----- Data shown

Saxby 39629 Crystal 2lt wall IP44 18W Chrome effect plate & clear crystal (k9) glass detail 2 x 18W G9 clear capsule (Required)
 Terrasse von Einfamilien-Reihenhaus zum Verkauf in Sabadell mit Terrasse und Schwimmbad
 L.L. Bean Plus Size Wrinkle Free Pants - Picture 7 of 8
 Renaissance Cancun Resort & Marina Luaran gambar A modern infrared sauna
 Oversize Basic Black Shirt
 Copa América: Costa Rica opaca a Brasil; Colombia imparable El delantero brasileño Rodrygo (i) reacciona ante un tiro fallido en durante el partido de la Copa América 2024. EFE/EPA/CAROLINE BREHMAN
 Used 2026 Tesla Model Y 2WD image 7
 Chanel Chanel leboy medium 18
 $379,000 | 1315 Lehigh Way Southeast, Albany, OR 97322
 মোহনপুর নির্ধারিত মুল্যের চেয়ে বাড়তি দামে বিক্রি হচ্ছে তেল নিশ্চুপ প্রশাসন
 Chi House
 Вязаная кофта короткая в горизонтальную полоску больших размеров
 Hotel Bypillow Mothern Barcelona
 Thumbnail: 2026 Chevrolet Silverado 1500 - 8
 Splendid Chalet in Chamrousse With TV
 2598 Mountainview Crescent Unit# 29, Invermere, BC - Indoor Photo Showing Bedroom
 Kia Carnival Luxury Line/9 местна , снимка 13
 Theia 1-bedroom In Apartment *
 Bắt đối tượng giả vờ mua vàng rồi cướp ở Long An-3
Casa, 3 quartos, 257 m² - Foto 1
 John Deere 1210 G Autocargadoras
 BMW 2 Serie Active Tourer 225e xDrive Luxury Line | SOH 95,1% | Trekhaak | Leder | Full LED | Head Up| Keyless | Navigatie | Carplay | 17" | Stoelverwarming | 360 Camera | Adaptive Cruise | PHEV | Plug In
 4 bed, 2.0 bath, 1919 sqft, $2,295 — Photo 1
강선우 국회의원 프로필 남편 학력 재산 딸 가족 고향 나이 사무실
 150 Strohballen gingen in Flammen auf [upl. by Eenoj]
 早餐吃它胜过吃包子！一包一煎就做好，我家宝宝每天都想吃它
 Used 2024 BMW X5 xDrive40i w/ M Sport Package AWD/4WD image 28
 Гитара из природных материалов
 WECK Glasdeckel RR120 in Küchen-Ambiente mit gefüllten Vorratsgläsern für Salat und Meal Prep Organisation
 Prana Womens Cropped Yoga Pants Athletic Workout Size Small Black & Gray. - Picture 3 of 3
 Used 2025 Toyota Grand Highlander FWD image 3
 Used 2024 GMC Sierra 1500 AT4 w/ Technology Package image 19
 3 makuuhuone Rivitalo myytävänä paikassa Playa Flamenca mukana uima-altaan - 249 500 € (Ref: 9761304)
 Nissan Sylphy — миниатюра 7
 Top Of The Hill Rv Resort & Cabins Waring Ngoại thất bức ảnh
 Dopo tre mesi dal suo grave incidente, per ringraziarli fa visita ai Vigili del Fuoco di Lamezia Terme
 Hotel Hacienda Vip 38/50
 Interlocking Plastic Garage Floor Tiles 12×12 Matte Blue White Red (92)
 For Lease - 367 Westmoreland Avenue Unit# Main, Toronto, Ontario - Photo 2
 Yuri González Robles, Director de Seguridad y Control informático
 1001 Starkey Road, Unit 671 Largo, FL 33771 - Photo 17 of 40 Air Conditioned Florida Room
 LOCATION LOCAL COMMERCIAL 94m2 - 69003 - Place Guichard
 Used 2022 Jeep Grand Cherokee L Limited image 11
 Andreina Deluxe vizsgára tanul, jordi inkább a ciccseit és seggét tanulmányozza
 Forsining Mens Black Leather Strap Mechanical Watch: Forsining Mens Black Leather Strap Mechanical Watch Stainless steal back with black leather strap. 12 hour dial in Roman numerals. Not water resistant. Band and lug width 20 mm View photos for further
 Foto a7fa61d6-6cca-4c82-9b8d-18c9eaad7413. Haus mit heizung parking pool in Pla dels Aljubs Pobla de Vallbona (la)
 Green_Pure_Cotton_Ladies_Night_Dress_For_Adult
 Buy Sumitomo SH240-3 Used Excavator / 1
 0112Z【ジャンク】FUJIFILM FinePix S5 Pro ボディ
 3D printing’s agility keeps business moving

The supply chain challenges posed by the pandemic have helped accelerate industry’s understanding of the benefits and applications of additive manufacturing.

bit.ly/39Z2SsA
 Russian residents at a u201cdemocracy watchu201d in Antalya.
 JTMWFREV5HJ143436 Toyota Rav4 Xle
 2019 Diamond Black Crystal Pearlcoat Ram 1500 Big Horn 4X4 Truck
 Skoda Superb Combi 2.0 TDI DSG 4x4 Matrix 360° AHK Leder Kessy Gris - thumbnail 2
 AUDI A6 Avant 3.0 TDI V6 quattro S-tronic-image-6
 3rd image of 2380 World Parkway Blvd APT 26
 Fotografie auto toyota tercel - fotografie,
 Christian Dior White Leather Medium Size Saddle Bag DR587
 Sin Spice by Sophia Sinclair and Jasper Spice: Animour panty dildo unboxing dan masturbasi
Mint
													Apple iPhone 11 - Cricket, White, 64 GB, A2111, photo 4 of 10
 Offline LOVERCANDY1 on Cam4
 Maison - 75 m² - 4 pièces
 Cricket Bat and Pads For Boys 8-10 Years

----------

- Exercise aim
Work out how many lines in the records above contain the word "Resort". State only that number.

- Finished exercise
2